*** Extracted entries Section Begins ***
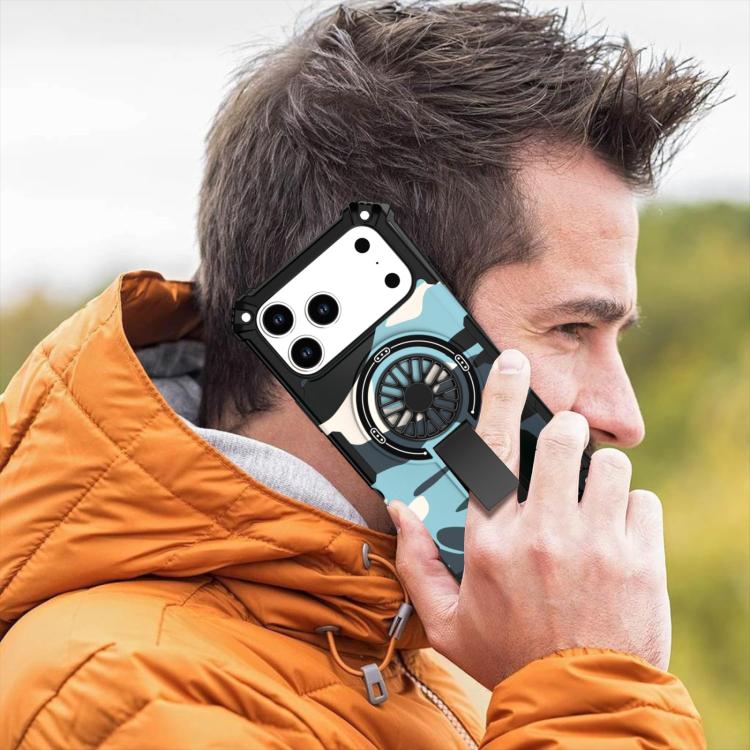 EDA008112020E_6.jpg@f0614cb6ed7b494b75d0e8ae643d8460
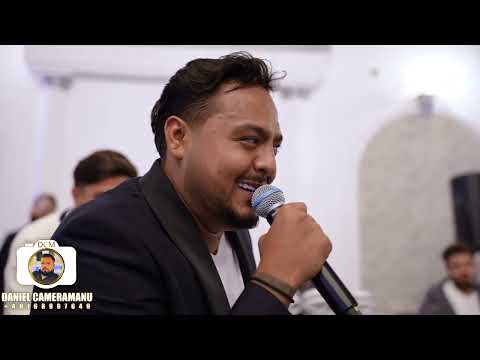 HAIDIN – REMEMBER ME NEW 2026 ✅ LIVE BALANCE SYSTEM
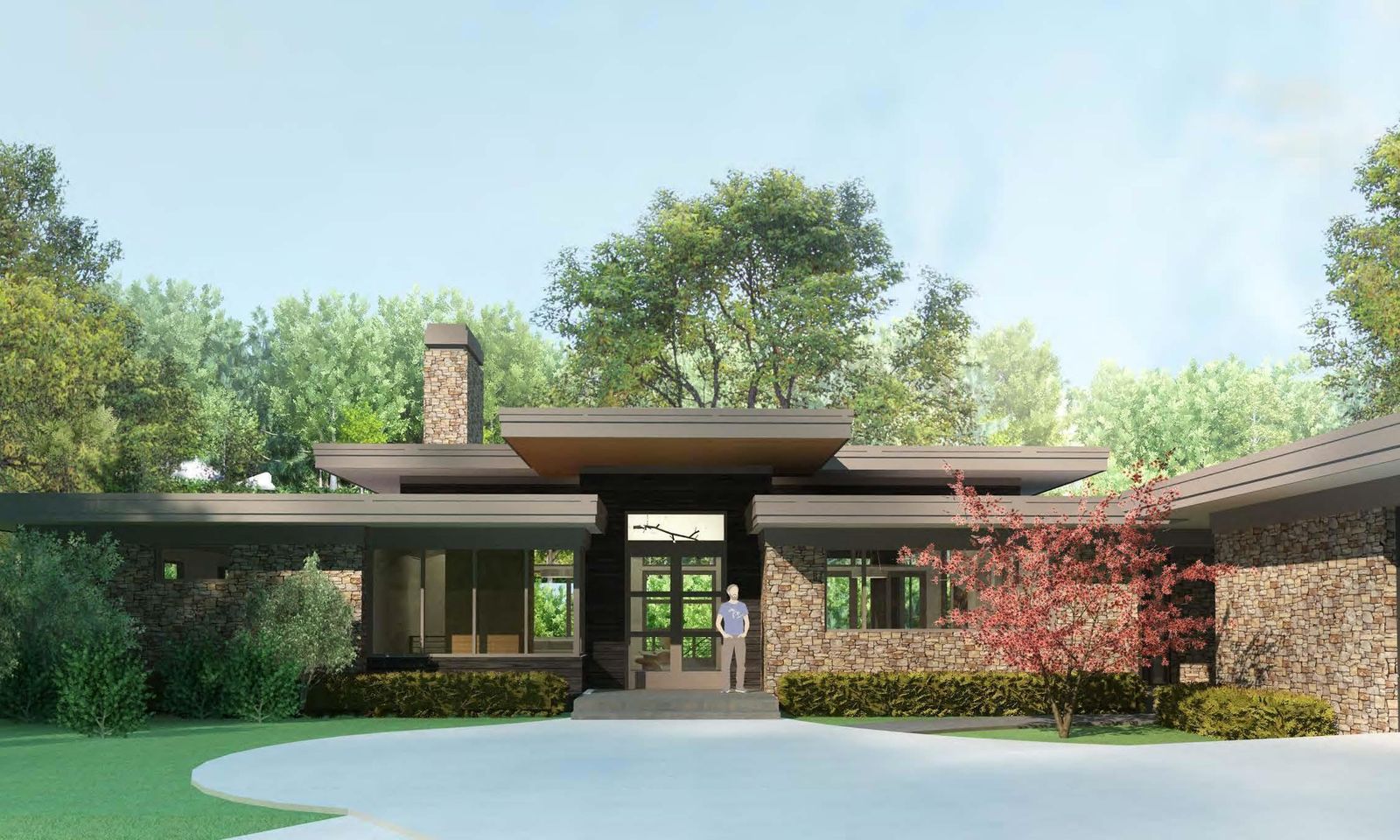 Property image 2 at 157 Ridge Point Road, Easley, SC 29640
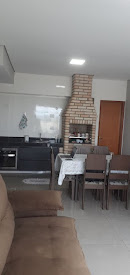 imagem 3 - Apartamento - Cobertura de Torre imagem 3 - Apartamento - Cobertura de Torre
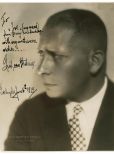 Erich von Stroheim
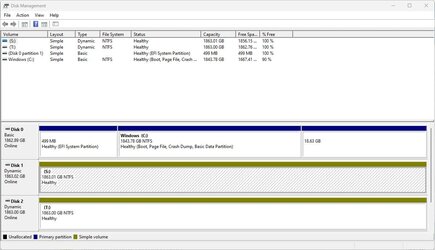 2023-02-26_16-09-01-DiskManage.jpg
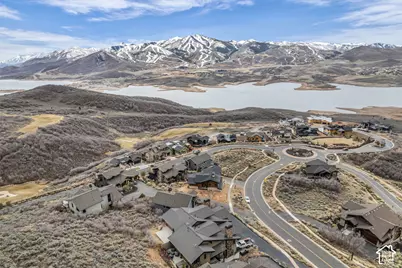 10740 N Hideout Trl, Hideout, UT 84036 - Photo 41
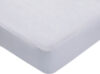 Наматрасник защитный Непромокаемый 3176 160x200 21век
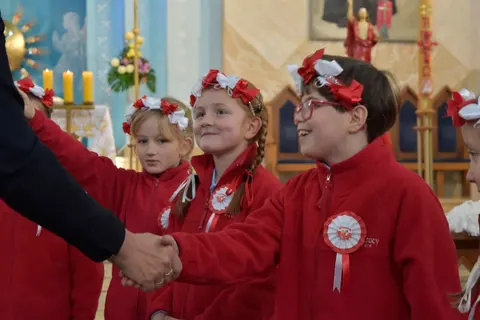 Galeria zdjęć – zdjęcie 12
*** Extracted entries Section Ends ***
Instructions to follow ::
Quote every line of the records above exactly; no picture is to be copied.

Answer to this task ::
 EDA008112020E_6.jpg@f0614cb6ed7b494b75d0e8ae643d8460
 HAIDIN – REMEMBER ME NEW 2026 ✅ LIVE BALANCE SYSTEM
 Property image 2 at 157 Ridge Point Road, Easley, SC 29640
 imagem 3 - Apartamento - Cobertura de Torre imagem 3 - Apartamento - Cobertura de Torre
 Erich von Stroheim
 2023-02-26_16-09-01-DiskManage.jpg
 10740 N Hideout Trl, Hideout, UT 84036 - Photo 41
 Наматрасник защитный Непромокаемый 3176 160x200 21век
 Galeria zdjęć – zdjęcie 12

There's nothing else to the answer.